翌週には過去の礼拝堂が研究施設宛らの姿に変えた。三十人のエスペホの民は、昼夜を問わず王妃石化の準備を強いられていた。過密な労働に体を壊した者や怠け者、そもそも石化技術を知らぬ者は排除され、総数既に十人をきっていた。更には他の囚人達も呼び出され、連日地下から人々の呻き声と機械の作動音が響いた。
宮中の者達は、王妃が何をしようとしているのか皆目わからなかった。
国王もまたその一人である。地下に入ったきり顔を見せない王妃の行動に気をやみ、ウォルトを呼び出しても「いずれわかりますよ」の一言しかない。忙しく走り回る彼の背中を見つめ、国王は何も手を出すことが出来なかった。
王妃の望みならば、例え国一つ潰したとて構わなかった。ただ、王妃の体が心配だった。
いったい何をしているのか。
際限なく投資される国財の底が見え始めた四ヶ月目のある朝。
国王のもとに痩せこけたウォルトが顔を出した。
「陛下、お見せしたいものがあります」
「おお、ようやく終わったのか。妻は、王妃はどこだ」
「ええ。ではこちらへ」
ウォルトに連れられ広間へとやってきた国王が見たものは、直立した裸男であった。全身に毛は無く石像のような灰緑色の肌を晒していた。
「この男は、何だ」
「彼は不死身の兵士です」
まだ試作の域を出てはいませんが、と付けたし、ウォルトは意気揚々と説明した。
「エスペホの石化という技術は、体内の水分・脂分を取り除き液化鉱物と置換することで死体の腐敗を防ぐことができます。それを生体に応用し、生命維持器官以外の全ての成分を石化させることに成功しました。この男は本当の意味で鋼の肉体を手にしたのです」
まさか、と呟く国王に、ウォルトは銃を手渡した。
「彼を殺してみて下さい」
「そんな、バカなことが」
「大丈夫。どうぞ撃って下さい」
国王は躊躇いがちに銃を構え、引き金をひいた。
確かに彼に当たった。
しかし男は直立のまま微動だにしなかった。
「こ、これは」
国王は石像のような男に近づき、撃たれたはずの胸板を撫でた。衝撃による数mmの窪みこそあるものの、一滴の血も流れていなかった。彼の肌は強靭さを誇るように冷たくツルツルとしていた。
「い、痛くはないのか」
「ええ。そもそも彼には感覚がありません」
「ならば死人も同然ではないか」
「兵士に必要なのは目と耳、そして強い肉体のみです。まだ動きに対応出来ないため関節部と神経に使用する材料は検討しなければなりませんが」
「こんなもの兵士と言えるか! 人間と言えるか!」
国王は石像のような男を押し倒した。
男は声もあげず抵抗も出来ず、されるがままに床に転がった。
まさに、単なる石像であった。
「こんな者が戦場で何の役に立つのだ。馬にも乗れず、剣を振り上げることすら出来ない。何が鋼の肉体だ。妻は、妻に会わせろ!」
「いえ、ですからまだ試作段階でして」
「妻はどこにいるんだ!」
国王はウォルトに掴みかかった。そこに普段の穏和な国王の表情はなかった。
「わかりましたよ。そんなにお怒りにならずとも」
ウォルトが合図をすると、七人のエスペホが棺桶を運んできた。
王妃はその中ですやすやと眠っている――ように見えた。
「あ、あぁぁ」
「これが王妃陛下の望まれた姿なのですよ」
国王はわなわなと震える手で王妃の肩を抱いた。
ウォルトの声は国王の耳には入らなかった。
いにしえの物語のように、国王は優しく口づけをした。王妃の唇は人形のように固く、まるで国王の愛を受け入れてはくれなかった。

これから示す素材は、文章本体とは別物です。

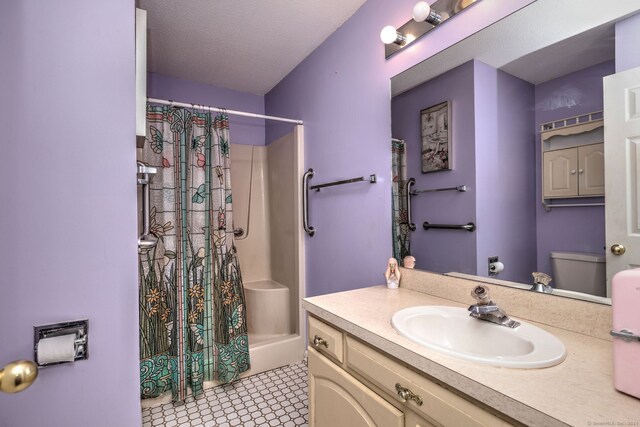 bathroom with a shower with curtain, tile patterned floors, a textured ceiling, toilet, and vanity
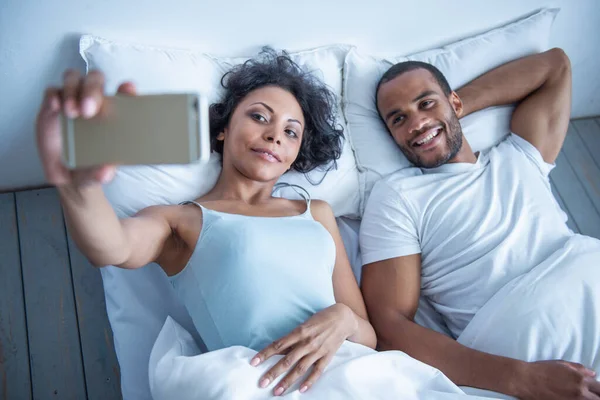 Beautiful young Afro American couple is making selfie using a smart phone and smiling while lying in bed at home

「ご心配なさらずともまだ生きておりますよ。ただ――もう動くことも、喋ることもありませんがね」
国王は銃口をウォルトの心臓に向けた。
「へ、陛下? 私は王妃に忠誠を誓い、その命に従ったまでで――」
「ああ。お前は悪くない。悪いのは、この私だ」
二発の銃弾が宮殿に響いた。
その間七人のエスペホは、呆れた顔で二人の醜態を見つめていた。
七人は集落へ帰ると、白雪姫の眠る棺を土に埋めました。
王妃は世界一美しいまま、何年も生き続けましたとさ。
めでたしめでたし。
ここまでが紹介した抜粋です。